FilmLA Research found that 21.8% of all shoot days in this category went to state incentivized projects such as “Behemoth!” (Searchlight Pictures), “One Attempt Remaining” (Netflix), and “Nightwatching” (Amazon MGM Studios). The majority of feature film activity in the first quarter came from independent films.
The report also showed that a 33.7% increase of shoot days in the TV drama category can be attributed to the state’s film tax program. Shoot days in this category were up 40.5% in quarter one compared to the prior quarter, and up 7.3% compared to the same period last year.
Projects in this category include the “Baywatch” reboot (Fox), “The Rookie S8” (ABC), “Matlock” season two (CBS), “9-1-1” season nine (Fox), and “The Morning Show” season five (Apple TV+).
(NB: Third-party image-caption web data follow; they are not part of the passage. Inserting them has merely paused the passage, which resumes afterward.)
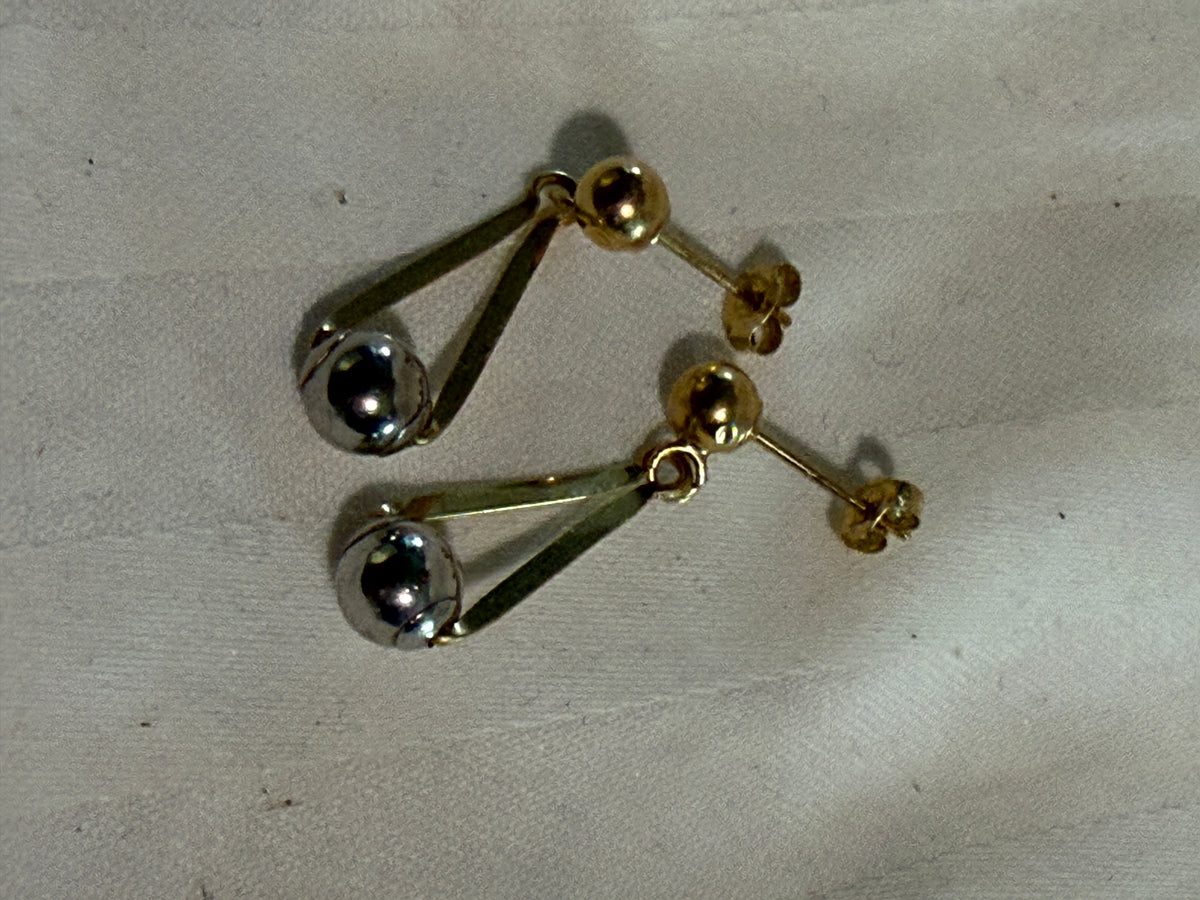 Two-Tone Gold & Silver Dangle Drop Stud Earrings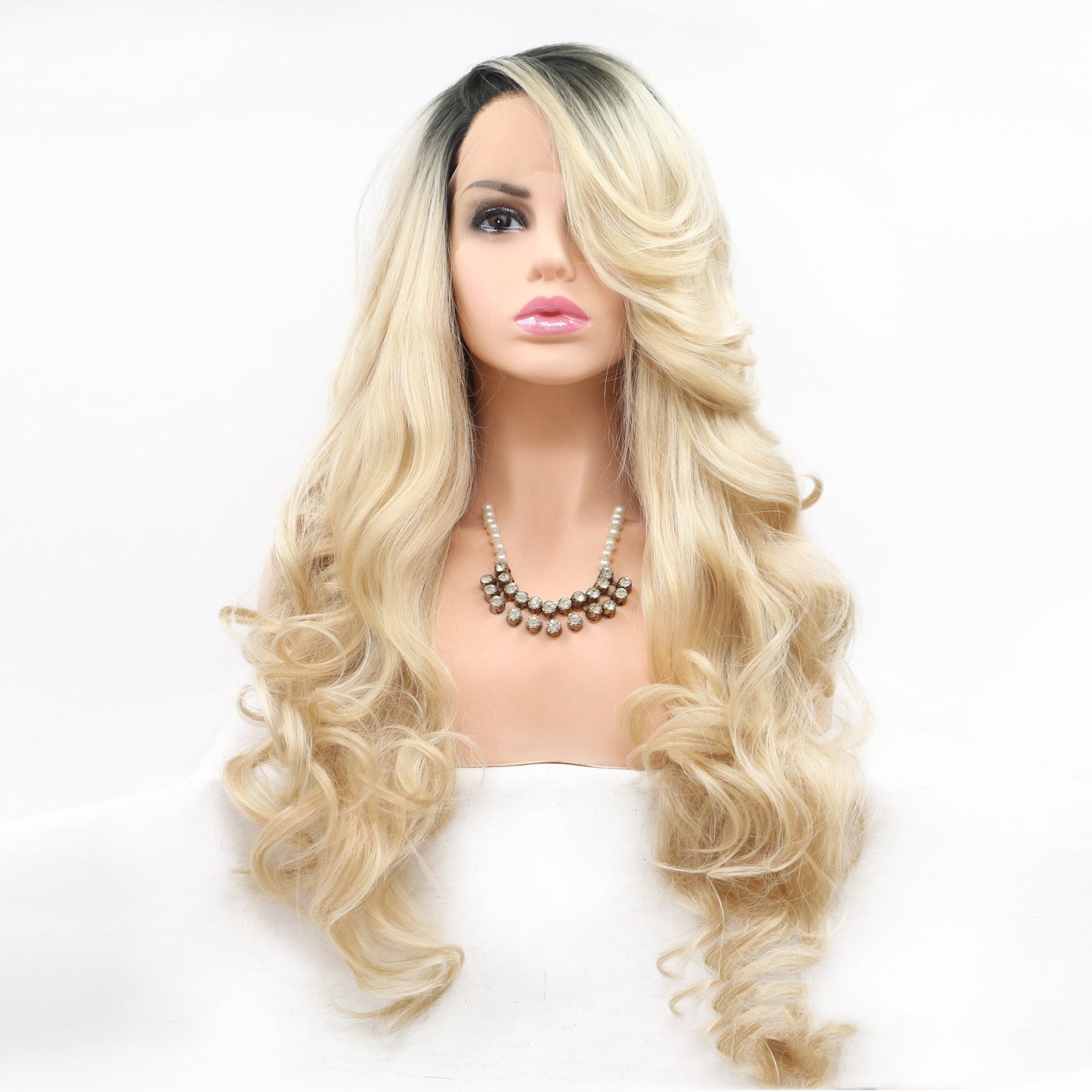 Blonde Front Lace Wig with Oblique Bangs – Long Curly Hair, Chemical Fiber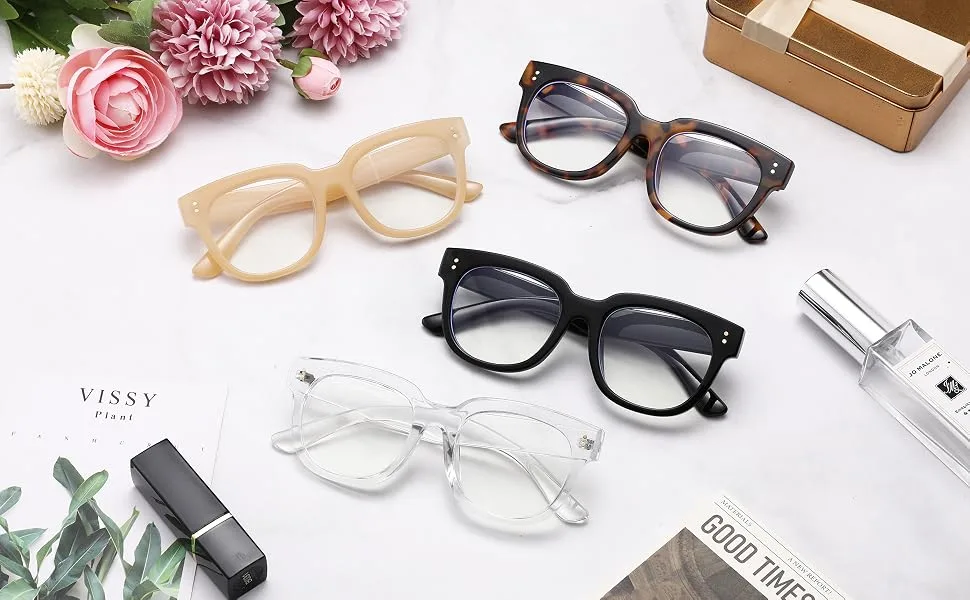 Interior 4-pack retro oversized blue light filter reading glasses for men and women square anti-blue computer glasses 4-pack mixed 3.0 x - product information 1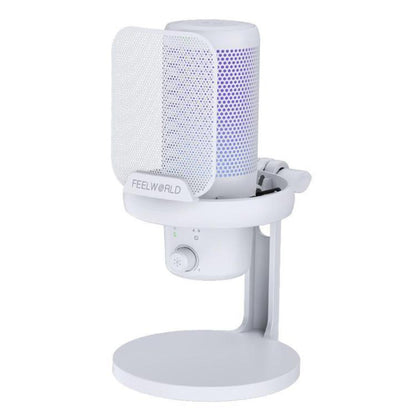 FEELWORLD VM1 USB Condenser Gaming Microphone for Streaming Noise Cancellation Mute RGB Light Desktop Stand, VM1-XS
In the TV comedy, there were a total of 120 shoot days, representing a 9.1% increase compared to the previous quarter of 110 shoot days, as well as the first quarter of 2025.
The report also showed that the state’s recent film tax credit expansion is boosting the number of projects with episodes lasting 20 minutes or more. In this category, there was a 38.3% increase in shoot days for incentivized projects, such as “It’s Always Sunny in Philadelphia” season 18 (FX), “The Studio” season two (Apple TV+), “High Potential” season two (ABC), “Nobody Wants This” season two (Netflix), and “Hacks” season five (HBO MAX).
Overall, the television category had 1,196 shoot days in quarter one, down slightly from the prior quarter of 1,247 shoot days, or about a 4.1% difference. Compared to the same period last year, the category is down by 28.4% from the 1,670 shoot days in the first quarter of 2025.
“While it’s still too early to make predictions for the coming months, the increase in shoot days we are seeing in key categories gives hope for a broader rise in production activity and points to the California Film and Television Tax Program’s growing impact on local job creation,” FilmLA CEO Denise Gutches said in a statement.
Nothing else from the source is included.